▶ Exercise description
Reprint the lines below as they are, minus the pictures.

Saved entries:

%%

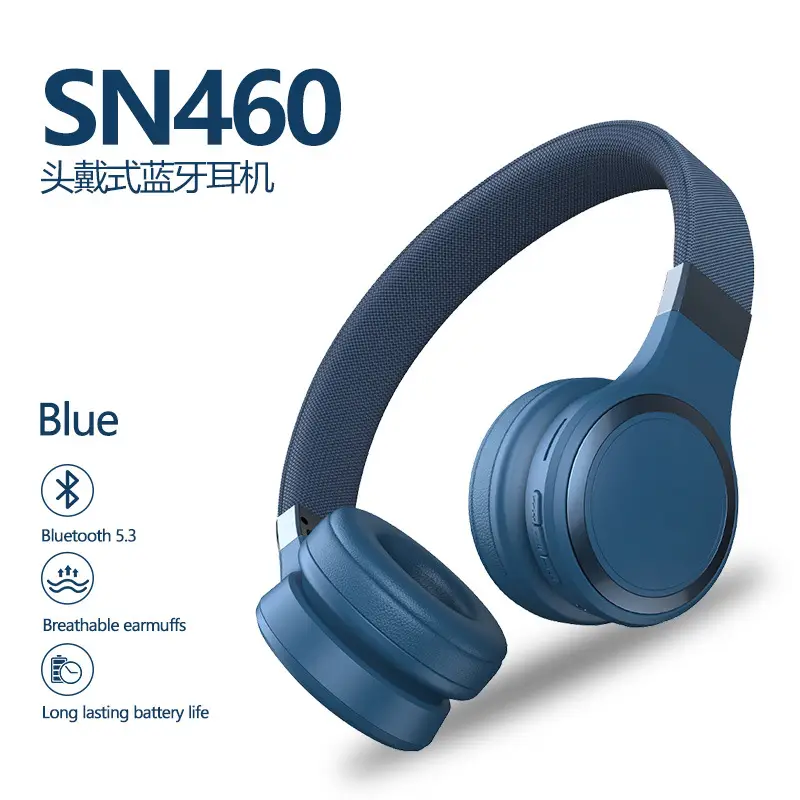 White Bluetooth Headset with Retractable Design β feature 6
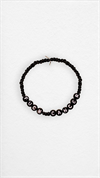 Nattsvart armband 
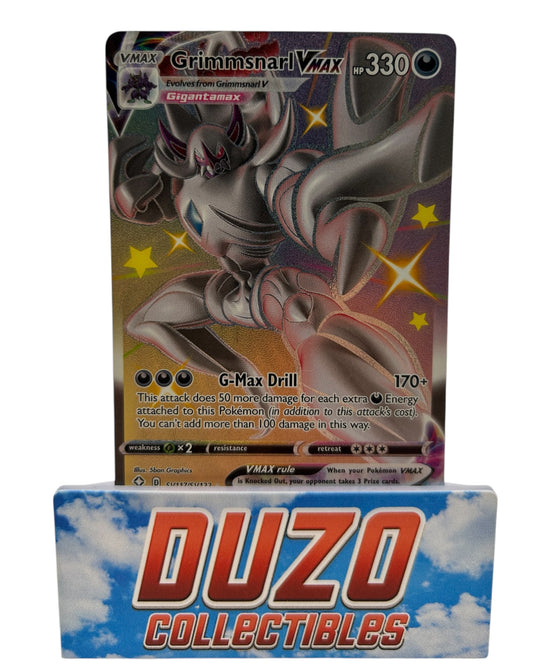 Grimmsnarl VMAX SV117/SV122 Pokemon Nintendo 2021 Shining Fates
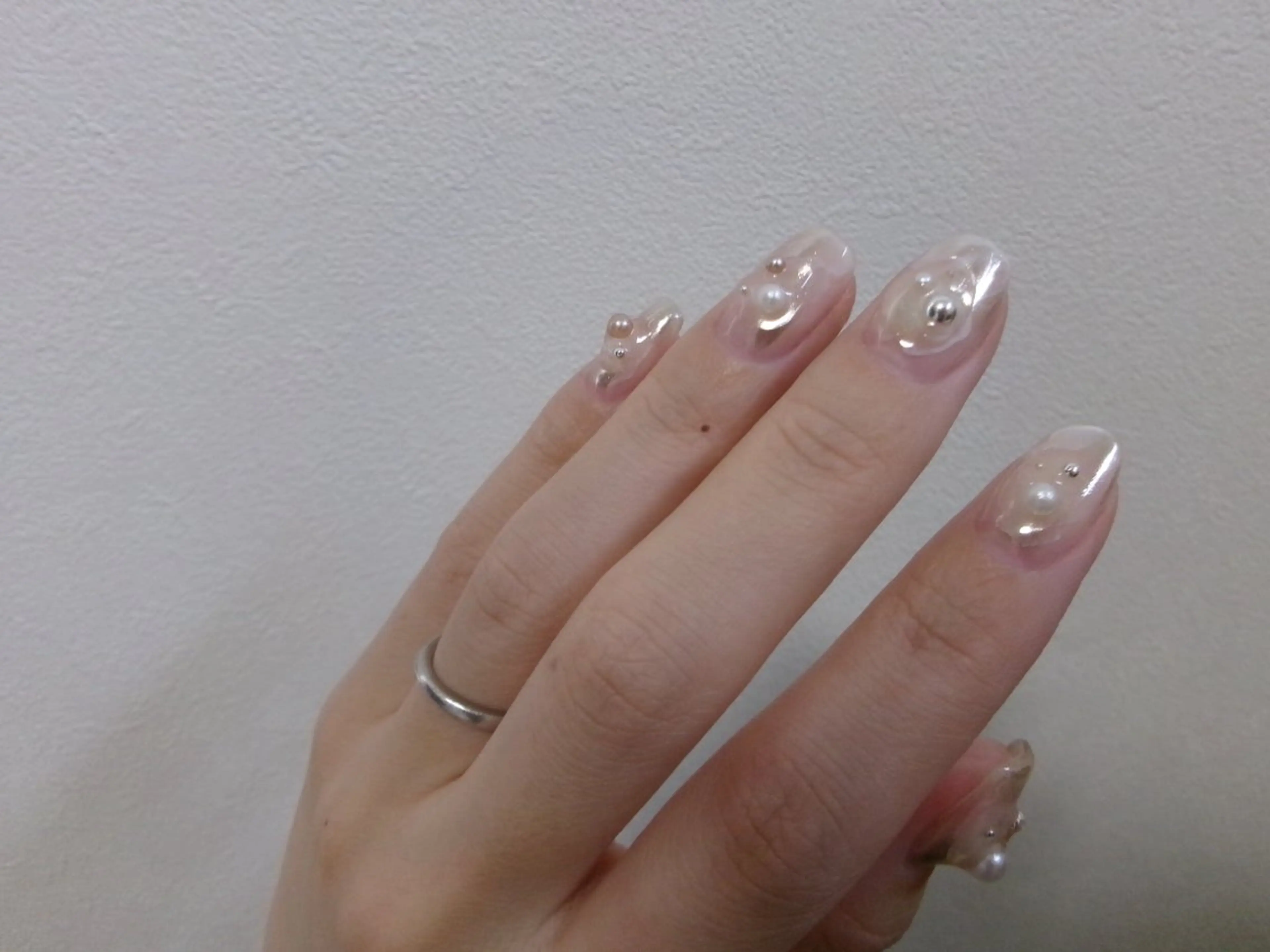 ネイル 大橋 那月のネイルデザイン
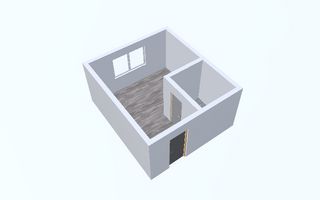 NOU | Garsoniera 1 camere  - Lipovei | GATA DE MUTARE - Schiță 7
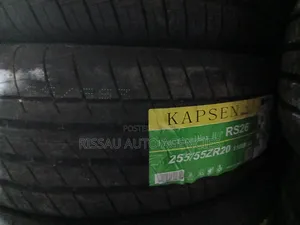 255/55 ZR 20 110W XL Kapsen Tyres.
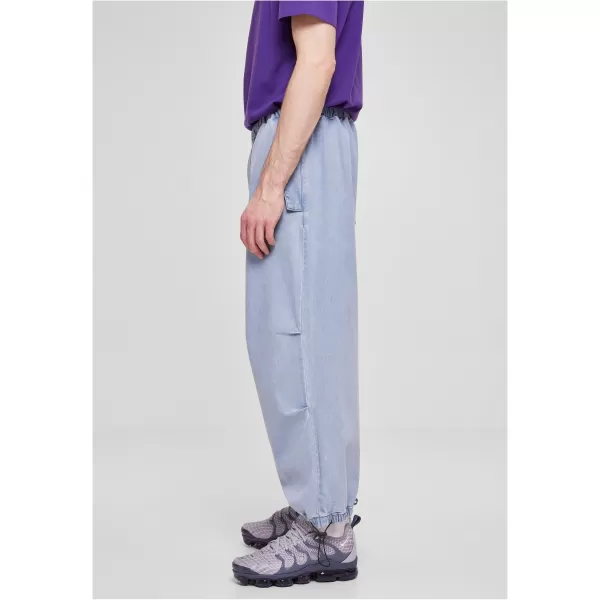  Мъжки дънки URBAN CLASSICS TB6354 СВЕТЛО СИНЬО ИЗПРАНО 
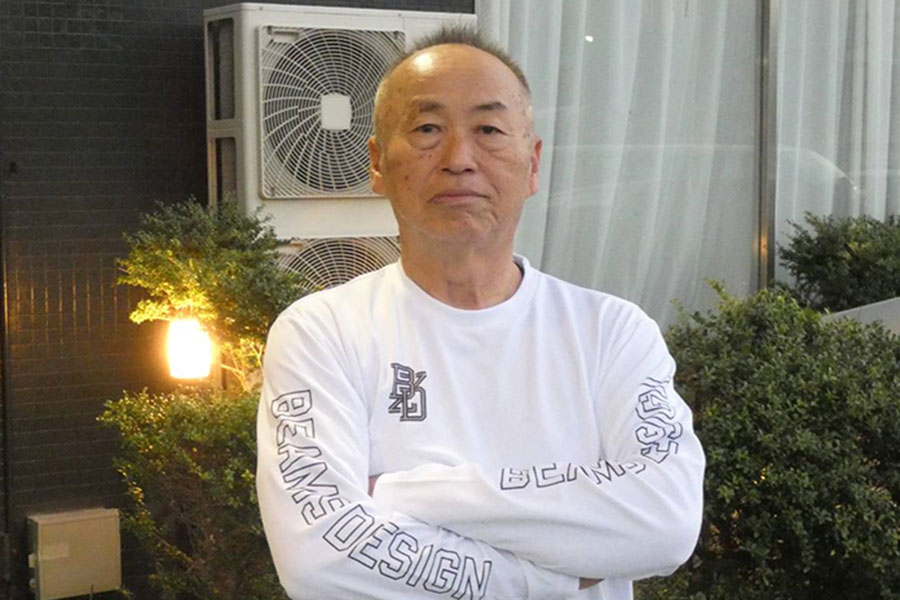 元広島・西田真二氏【写真：山口真司】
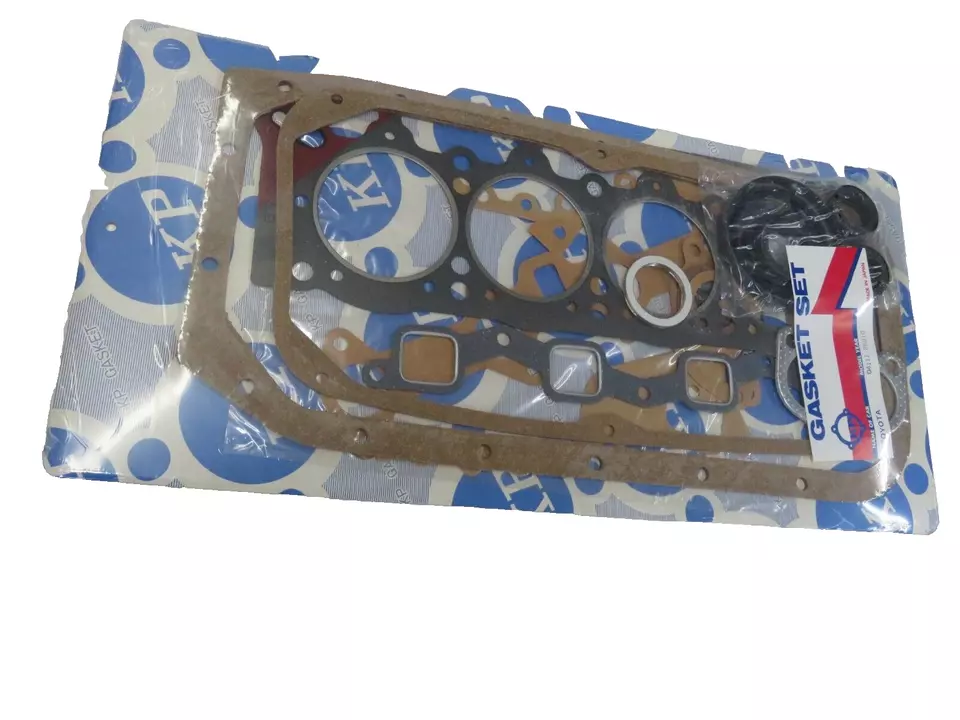 Полный комплект прокладок двигателя подходит для Toyota Corolla 1600cc и Carina 1600cc 2TC 1971-1972 - Изображение 4 из 4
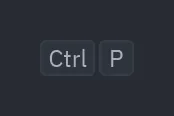 Kbd: size="sm"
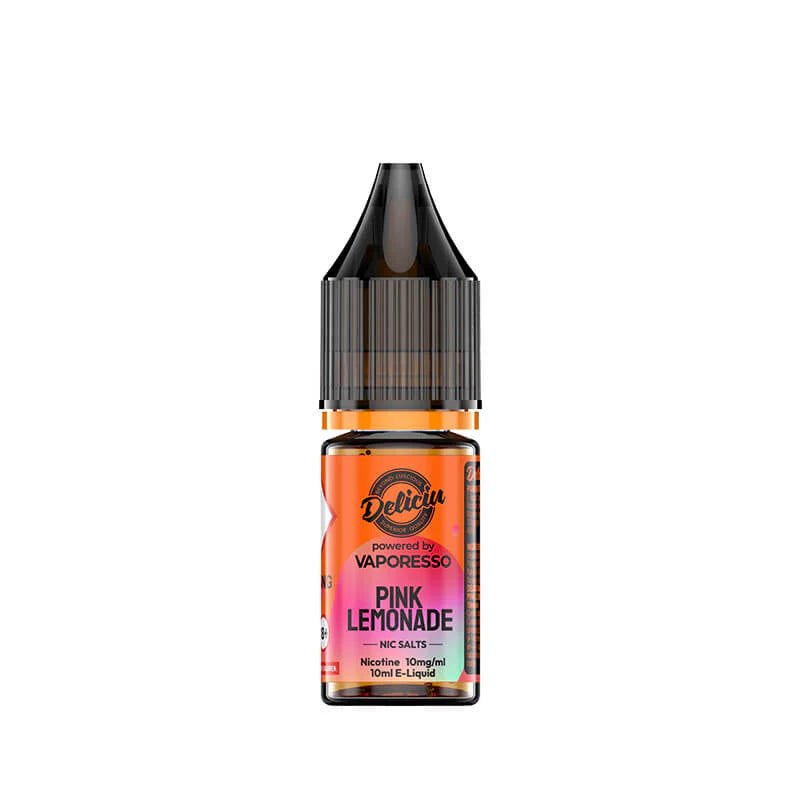 Vaporesso Deliciu Salts 10ml | Premium Natural Nic Salt Flavours | 50VG/50PG MTL Vaping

%%

▶ Answer for the task
 White Bluetooth Headset with Retractable Design β feature 6
 Nattsvart armband 
 Grimmsnarl VMAX SV117/SV122 Pokemon Nintendo 2021 Shining Fates
 ネイル 大橋 那月のネイルデザイン
 NOU | Garsoniera 1 camere  - Lipovei | GATA DE MUTARE - Schiță 7
 255/55 ZR 20 110W XL Kapsen Tyres.
  Мъжки дънки URBAN CLASSICS TB6354 СВЕТЛО СИНЬО ИЗПРАНО 
 元広島・西田真二氏【写真：山口真司】
 Полный комплект прокладок двигателя подходит для Toyota Corolla 1600cc и Carina 1600cc 2TC 1971-1972 - Изображение 4 из 4
 Kbd: size="sm"
 Vaporesso Deliciu Salts 10ml | Premium Natural Nic Salt Flavours | 50VG/50PG MTL Vaping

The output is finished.